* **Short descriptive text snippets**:

• • • • • • •

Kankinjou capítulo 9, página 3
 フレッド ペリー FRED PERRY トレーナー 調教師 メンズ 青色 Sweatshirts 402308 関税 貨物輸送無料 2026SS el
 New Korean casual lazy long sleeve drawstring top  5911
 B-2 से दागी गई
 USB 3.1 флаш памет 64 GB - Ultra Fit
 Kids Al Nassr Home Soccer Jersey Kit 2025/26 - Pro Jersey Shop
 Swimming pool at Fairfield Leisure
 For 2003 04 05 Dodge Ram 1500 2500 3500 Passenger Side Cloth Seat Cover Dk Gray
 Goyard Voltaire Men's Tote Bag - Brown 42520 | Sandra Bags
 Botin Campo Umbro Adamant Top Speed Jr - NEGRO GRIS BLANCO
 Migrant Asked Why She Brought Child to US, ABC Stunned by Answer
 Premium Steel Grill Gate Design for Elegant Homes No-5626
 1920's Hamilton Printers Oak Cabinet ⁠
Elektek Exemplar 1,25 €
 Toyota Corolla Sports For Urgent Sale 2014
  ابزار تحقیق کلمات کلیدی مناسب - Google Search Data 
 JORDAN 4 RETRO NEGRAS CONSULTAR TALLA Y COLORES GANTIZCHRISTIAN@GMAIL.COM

• • • • • • •

* **Work request**: Copy all of the data exactly. Skip nothing.

* **Expected answer**:
Kankinjou capítulo 9, página 3
 フレッド ペリー FRED PERRY トレーナー 調教師 メンズ 青色 Sweatshirts 402308 関税 貨物輸送無料 2026SS el
 New Korean casual lazy long sleeve drawstring top  5911
 B-2 से दागी गई
 USB 3.1 флаш памет 64 GB - Ultra Fit
 Kids Al Nassr Home Soccer Jersey Kit 2025/26 - Pro Jersey Shop
 Swimming pool at Fairfield Leisure
 For 2003 04 05 Dodge Ram 1500 2500 3500 Passenger Side Cloth Seat Cover Dk Gray
 Goyard Voltaire Men's Tote Bag - Brown 42520 | Sandra Bags
 Botin Campo Umbro Adamant Top Speed Jr - NEGRO GRIS BLANCO
 Migrant Asked Why She Brought Child to US, ABC Stunned by Answer
 Premium Steel Grill Gate Design for Elegant Homes No-5626
 1920's Hamilton Printers Oak Cabinet ⁠
Elektek Exemplar 1,25 €
 Toyota Corolla Sports For Urgent Sale 2014
  ابزار تحقیق کلمات کلیدی مناسب - Google Search Data 
 JORDAN 4 RETRO NEGRAS CONSULTAR TALLA Y COLORES GANTIZCHRISTIAN@GMAIL.COM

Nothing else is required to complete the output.